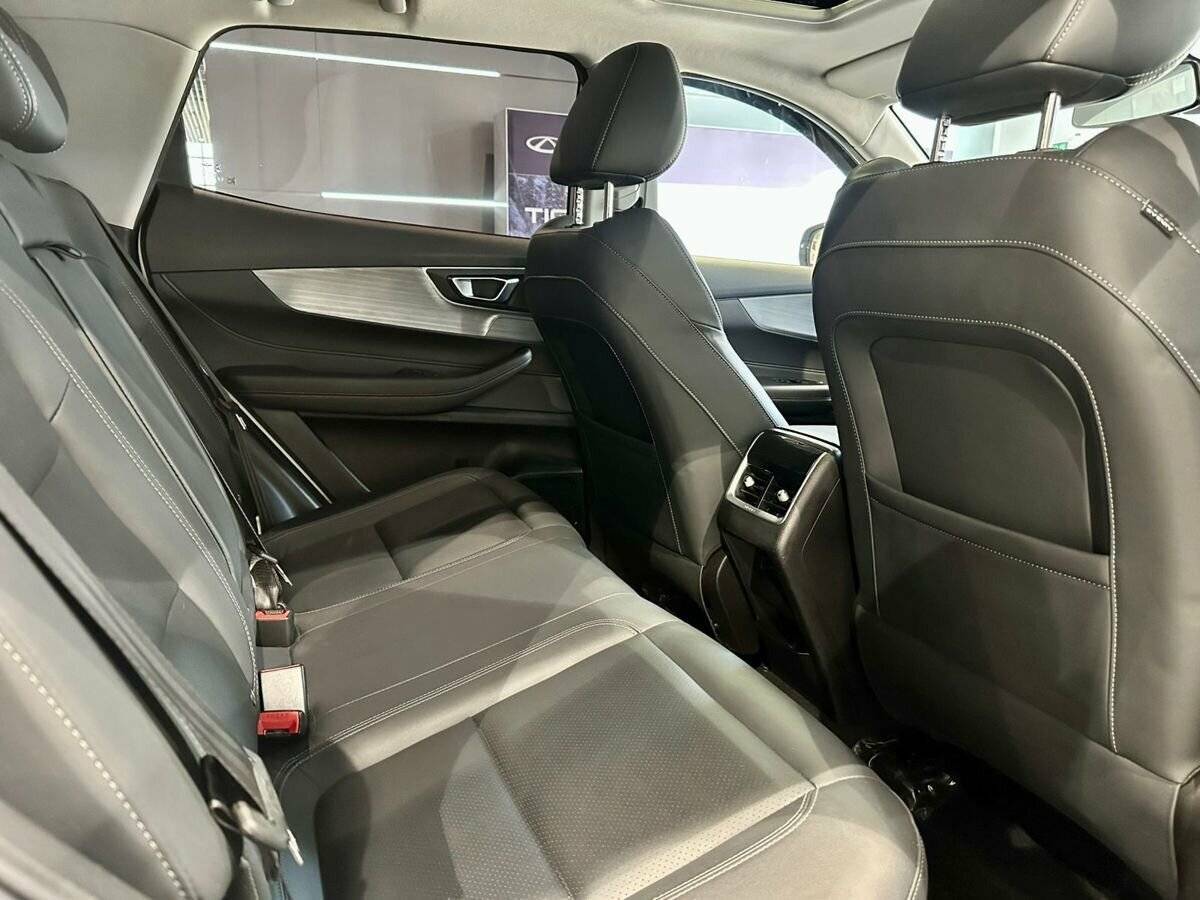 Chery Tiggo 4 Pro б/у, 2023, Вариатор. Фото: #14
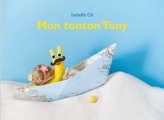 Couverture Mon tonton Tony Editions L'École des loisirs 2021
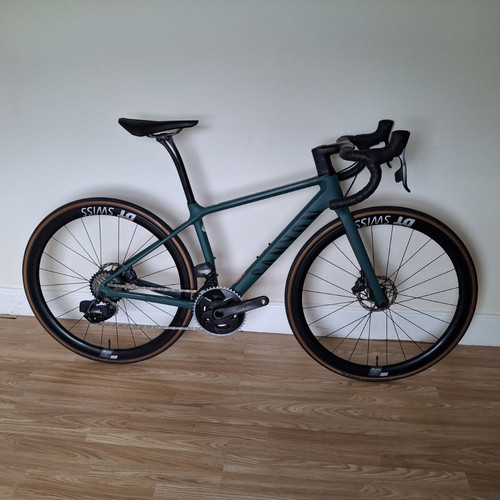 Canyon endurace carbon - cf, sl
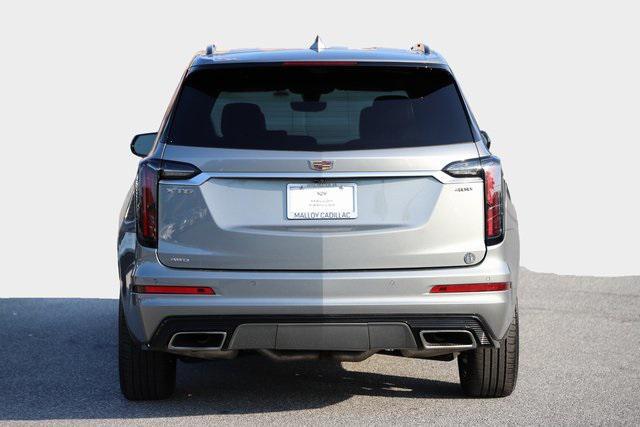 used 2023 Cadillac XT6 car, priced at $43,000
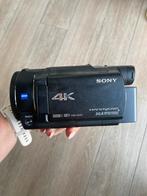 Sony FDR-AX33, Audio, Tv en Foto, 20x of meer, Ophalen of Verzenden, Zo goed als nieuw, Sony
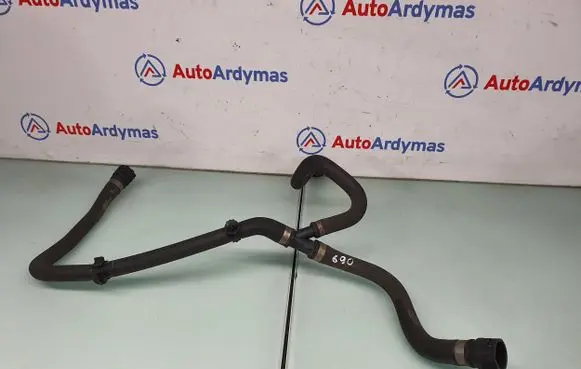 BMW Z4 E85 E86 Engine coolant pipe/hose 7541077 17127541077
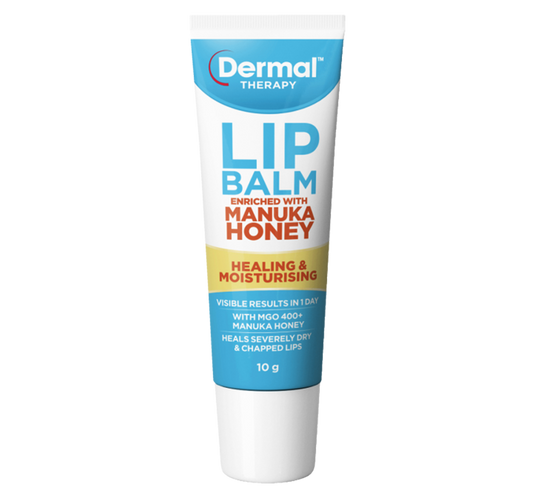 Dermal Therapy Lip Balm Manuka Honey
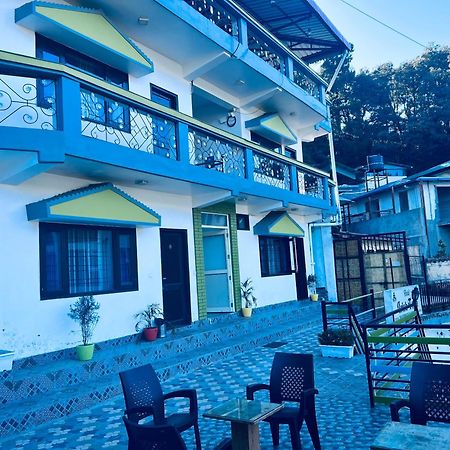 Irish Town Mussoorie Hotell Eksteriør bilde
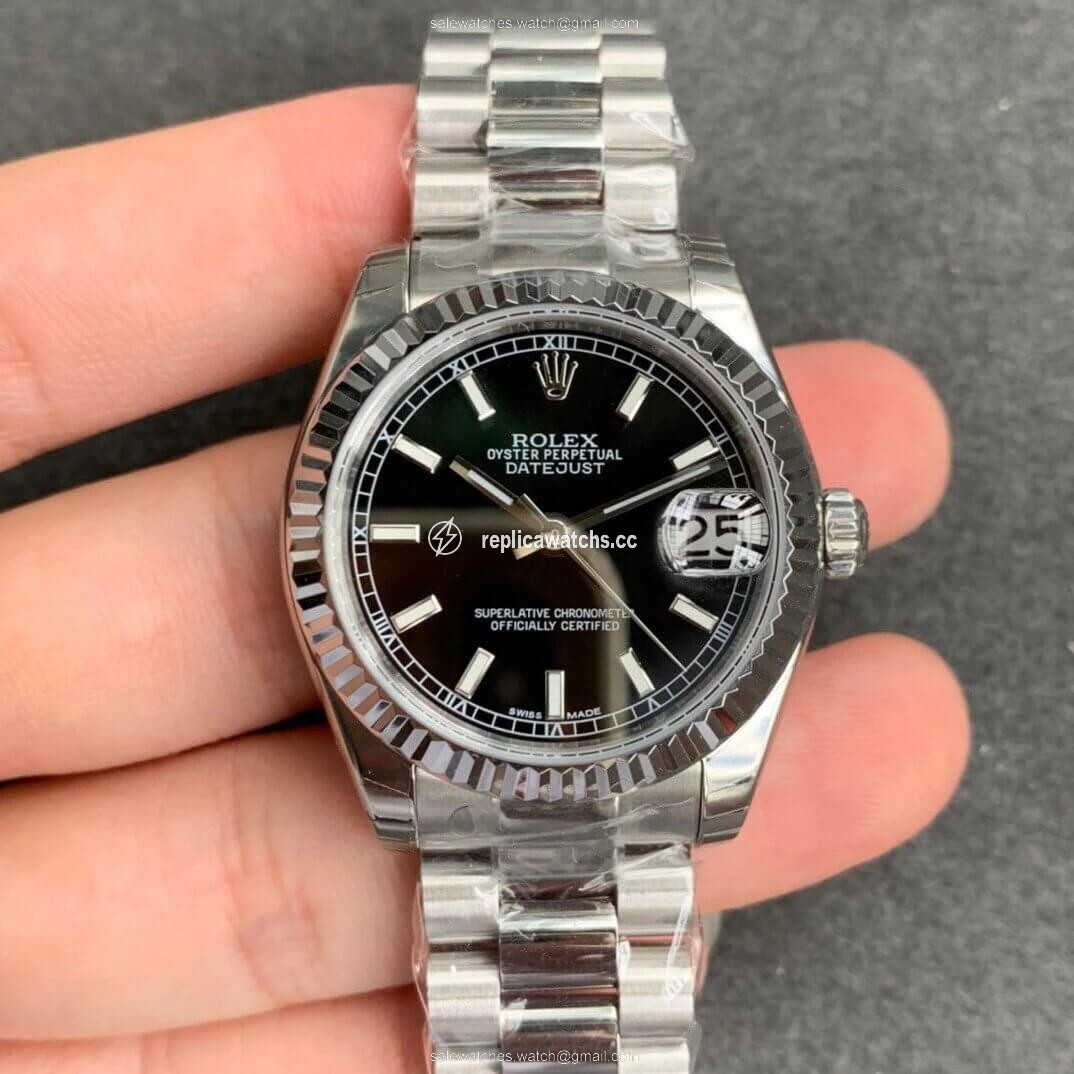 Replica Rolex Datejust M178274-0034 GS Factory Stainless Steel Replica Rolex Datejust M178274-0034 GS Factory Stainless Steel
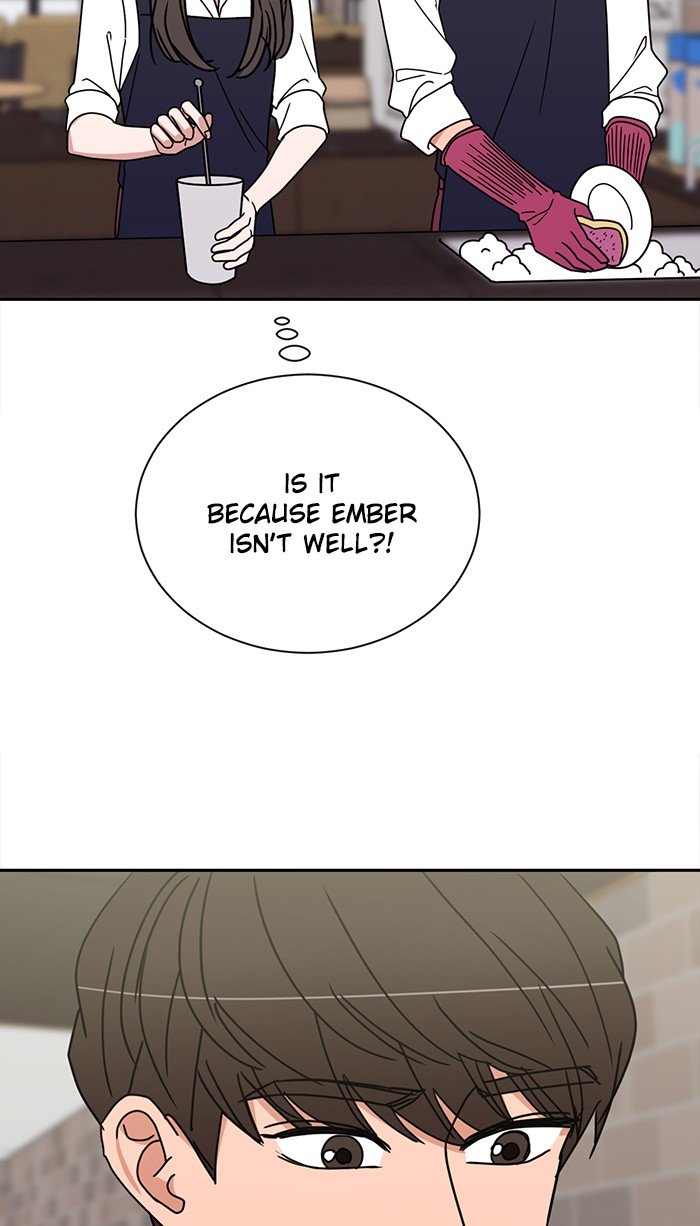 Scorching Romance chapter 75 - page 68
——————————
== Work task ==
From the line containing "Irish Town Mussoorie Hotell Eksteriør bilde" to the final line above, both included, transcribe every line exactly and leave all pictures out.

== Answer box ==
 Irish Town Mussoorie Hotell Eksteriør bilde
 Replica Rolex Datejust M178274-0034 GS Factory Stainless Steel Replica Rolex Datejust M178274-0034 GS Factory Stainless Steel
 Scorching Romance chapter 75 - page 68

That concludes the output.